Op het hoogkoor, aan weerskanten van 't middenraam, bevonden zich oude en wonderschone glasramen, waarschijnlijk van dezelfde glasschilder, als deze die ongeveer dezelfde ramen in de kerk van Hoogstraten plaatste. Zij werden geschonken door de toenmalige heer van Loenhout Robrecht van der Marcke in 1537. Benevens de H. Drievuldigheid in het ene, en O.L. Vrouw met 't Kindje Jezus in het ander venster, stond genoemde heer Van der Marcke zelf met zijn vrouw en kinderen afgebeeld.

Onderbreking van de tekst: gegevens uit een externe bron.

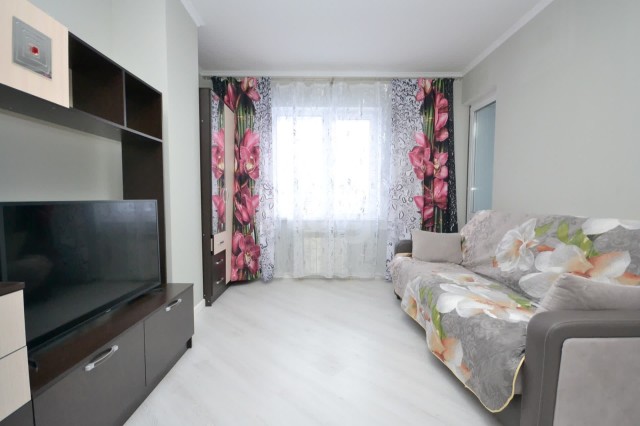 1 комн., 33 м², Монолитно-каркасный, Гимеин 5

Het alom vermaarde houten altaarblad van Sint Quirinusaltaar, dat zich in de zijkapel bevindt, dwingt eenieders bewondering af. Het is gemaakt op het einde der XV° of in het begin der XVI° eeuw, en bevat zes panelen en een bekroning. Vier taferelen hebben betrekking op de marteldood van Sint Quirinus. De twee andere waarschijnlijk op de dood van Sint Agnes. Het is een waar kunststuk, dat op bevel van de Commissie van Monumenten uit de kapel werd gehaald, om overgeplaatst te worden in de kerk. Sindsdien werd dit kunstwerk reeds tweemaal op een wereldtentoonstelling gebracht, waar het vanwege de kunstenaars de grootste belangstelling genoot.

De gestoelten droegen op de vier hoeken vier neergehurkte leeuwen met de wapenschilden van de families Van der Marcke en Montfort.

De prachtige houten predikstoel, in 1778 door F. Somers gemaakt, stelde Jezus en de Samaritaanse Vrouw voor. Het was eveneens een echt kunstwerk.

De merkwaardige orgelkast in Lodewijk XIV-stijl, met musicerende engelen, alsmede de afhankelijke deur onder het hoogzaal, waren echte parels van beeldhouwkunst.

Verder nog: de credentietafeltjes in Lodewijk XVI-stijl, een relikwiekast van O.L. Vrouw, een albasten beeldje van Sint Joris en offerandeschotels uit de XVI° eeuw, enz.